If I do something like this:
SomeClass object;
doSomethingOnSameThread(std::move(object));
What will happen if I do something in the current scope to object later? It was "moved away" to some other function, so did the current function "lose" ownership of it in some way?
In C++ when an object is constructed, memory is allocated at the same time. If the constructor runs to completion (without throwing) then the object is "alive". At some point if it is a stack object and goes out of scope, or its a heap object and you call delete, its destructor is called and that original memory is freed, and then the object is "dead". C++11 std::move / move constructors don't change any of this. What a move constructor does is give you a way and a simple syntax to "destructively" copy objects.
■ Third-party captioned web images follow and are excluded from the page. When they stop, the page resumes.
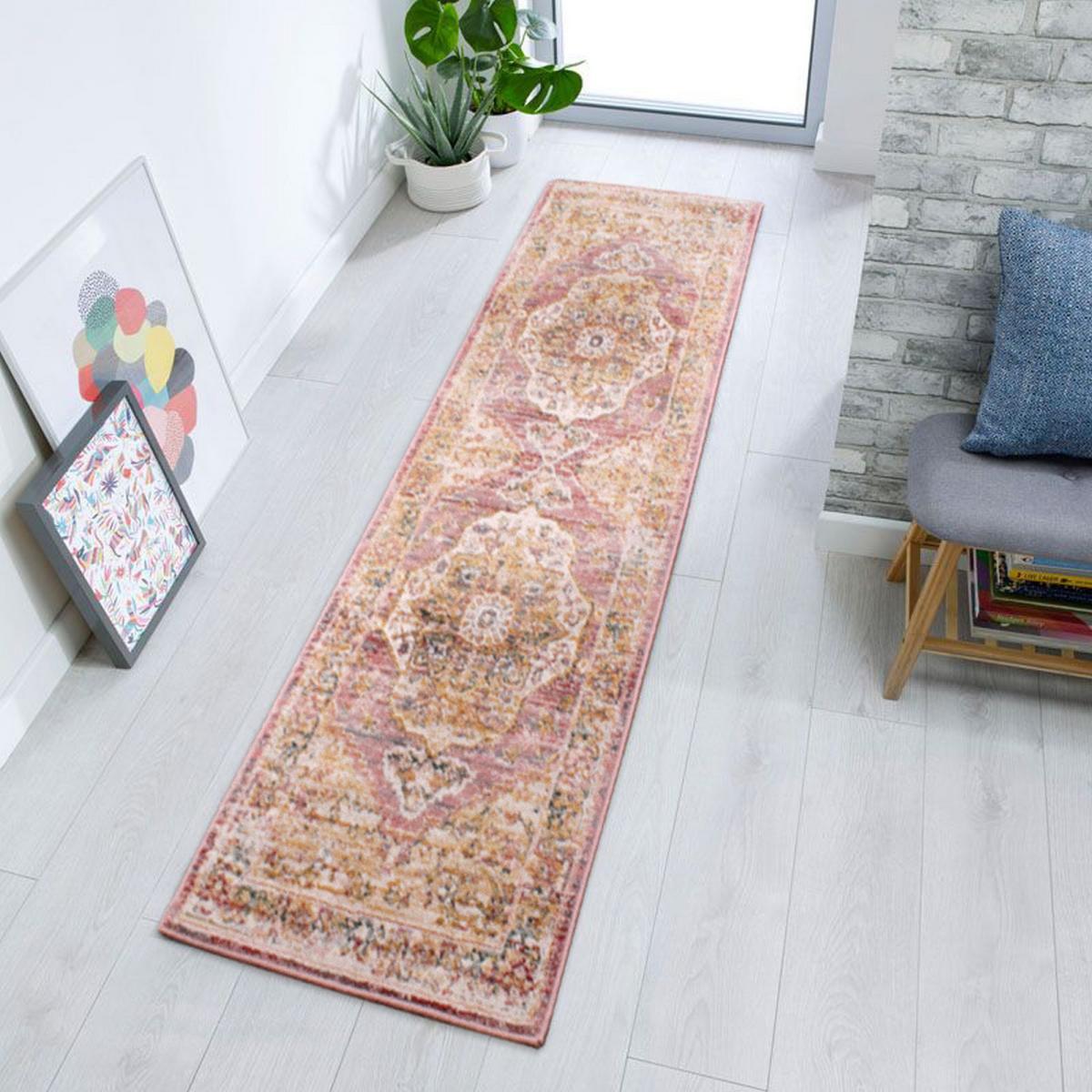 Nova 9047 Traditional Runner Rugs in Terracotta Orange – image 1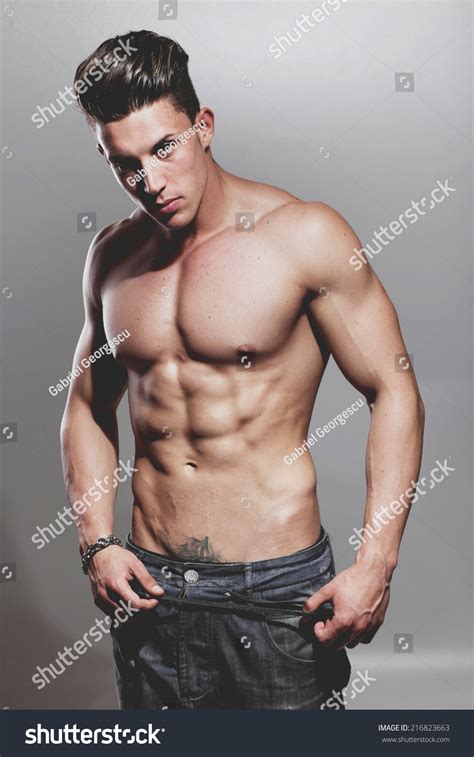 Sexy Portrait Very Muscular Shirtless Male Foto Stok 216823663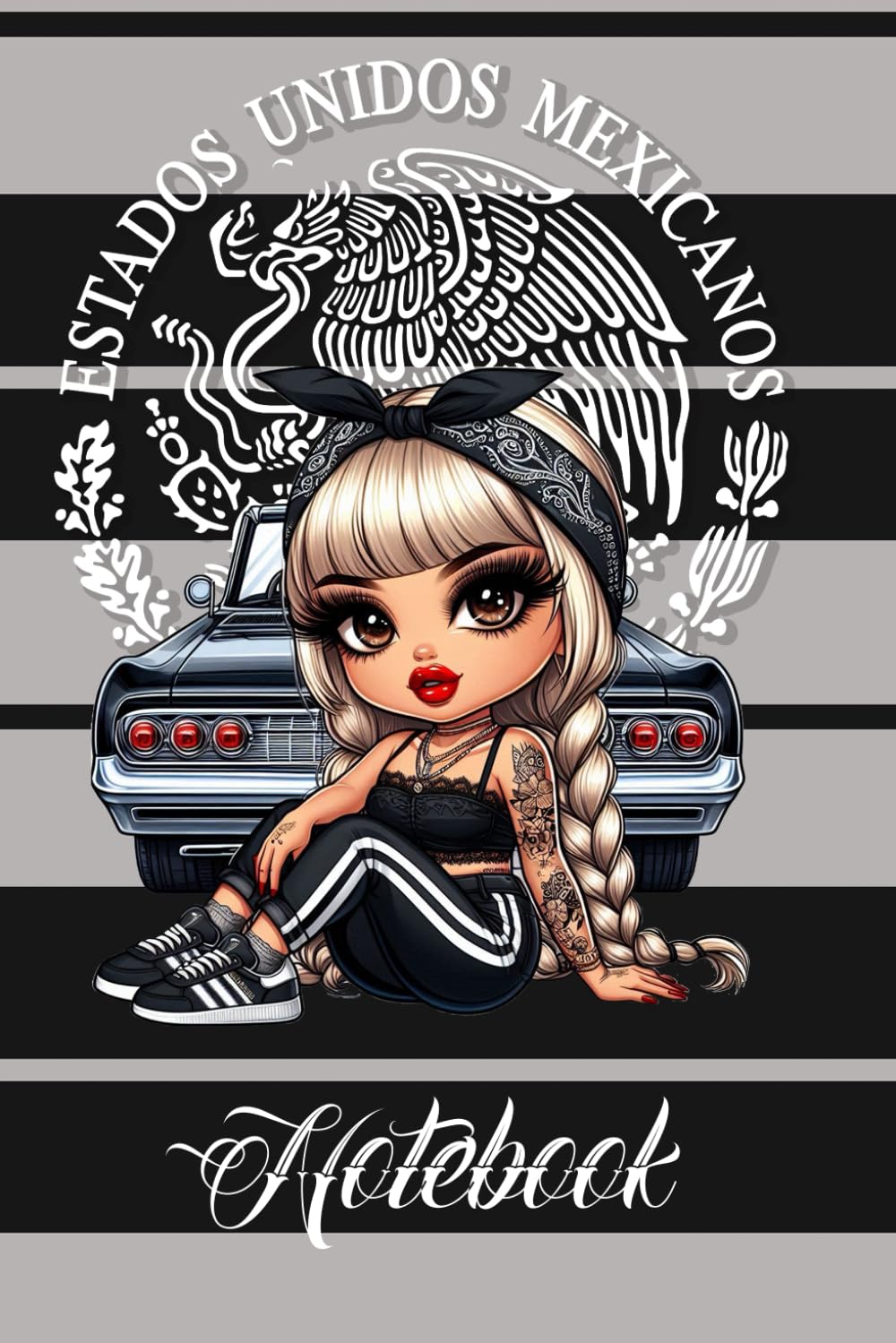 Cover of Kadric Publishing's cute blonde chola paperback notebook with black and grey design and 200 lined pages.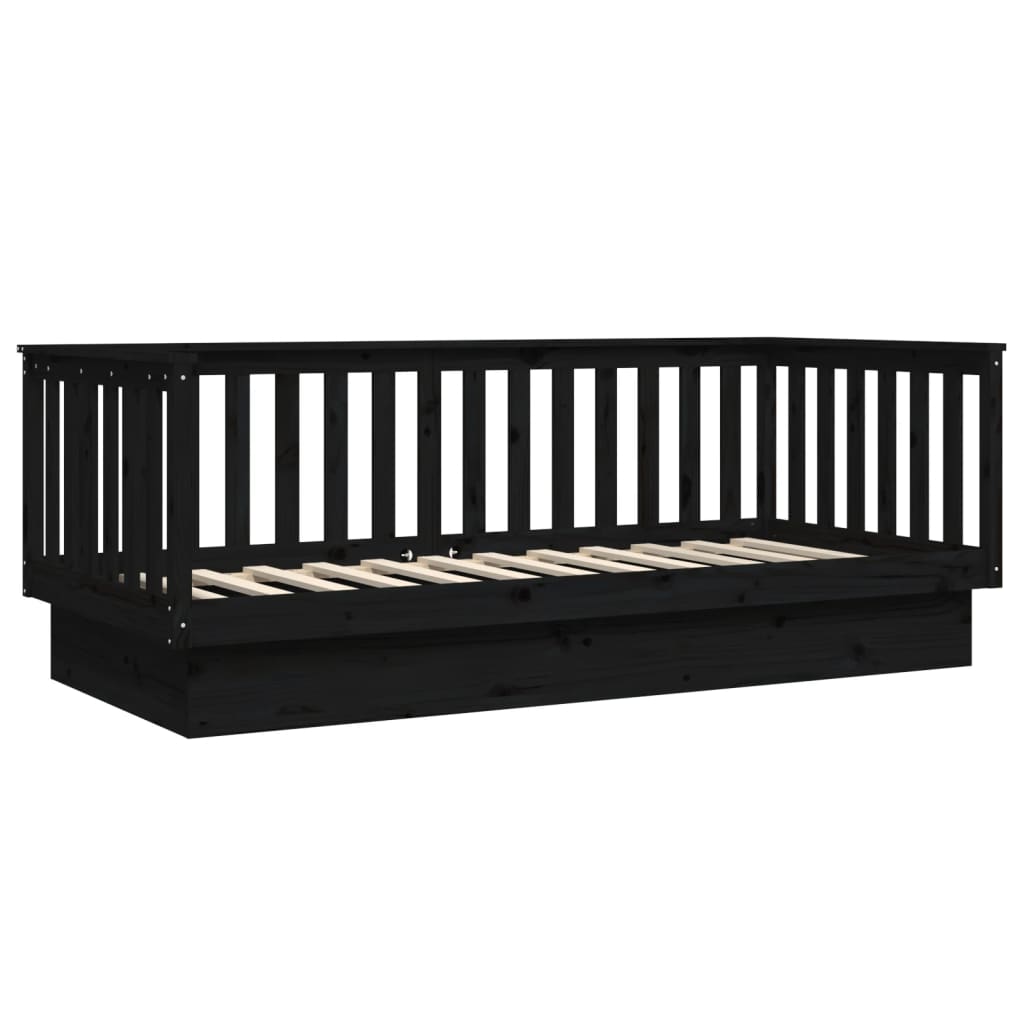 vidaXL Sofá cama de madera maciza de pino negro 80x200 cm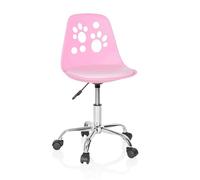 hjh OFFICE Chaise de Bureau pour Enfant Fancy I Fauteuil pivotant sans accoudoirs, Siège à roulettes avec Hauteur réglable, Rose 742004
For instance if you move construct from a std::vector<int>, instead of reading all the ints and copying them, it will copy the pointer and the size count instead to the new vector, and set the old pointer to a nullptr and size to 0 (or possibly, allocate a (tiny) new vector of minimal size... depends on implementation). Basically when you move from something you have to leave it in a "valid", "alive" state -- it's not "dead" after you move from it, and the destructor is still going to be called later. It didn't "move" in the sense that it's still following the same lifetime and now it's just "somewhere else in memory". When you "move" from an object, there are definitely two different objects involved from C++'s point of view and I don't think you can make sense of it after a certain point if you try to think of it as though there's only one object that exists in that scenario.
Let's say that I have a main class SomeManager for keeping track of instances of another class SomeClass. When SomeClass is constructed it calls a method of SomeManager passing a pointer to it self. Then SomeManager takes that pointer and pushes it into a vector. The destructor of SomeClass calls another function of SomeManager which removes it's pointer from the vector.
So, my question is. When an instance of SomeClass is moved through the move operator or constructor. Does it's address change and I have to remove the old address and add the new one?
I have some ideas about this from what I've read but I'm not sure and I don't want to mess things up.
Short answer: no, the address of the moved from object doesn't change. But the old object may not be a useful state.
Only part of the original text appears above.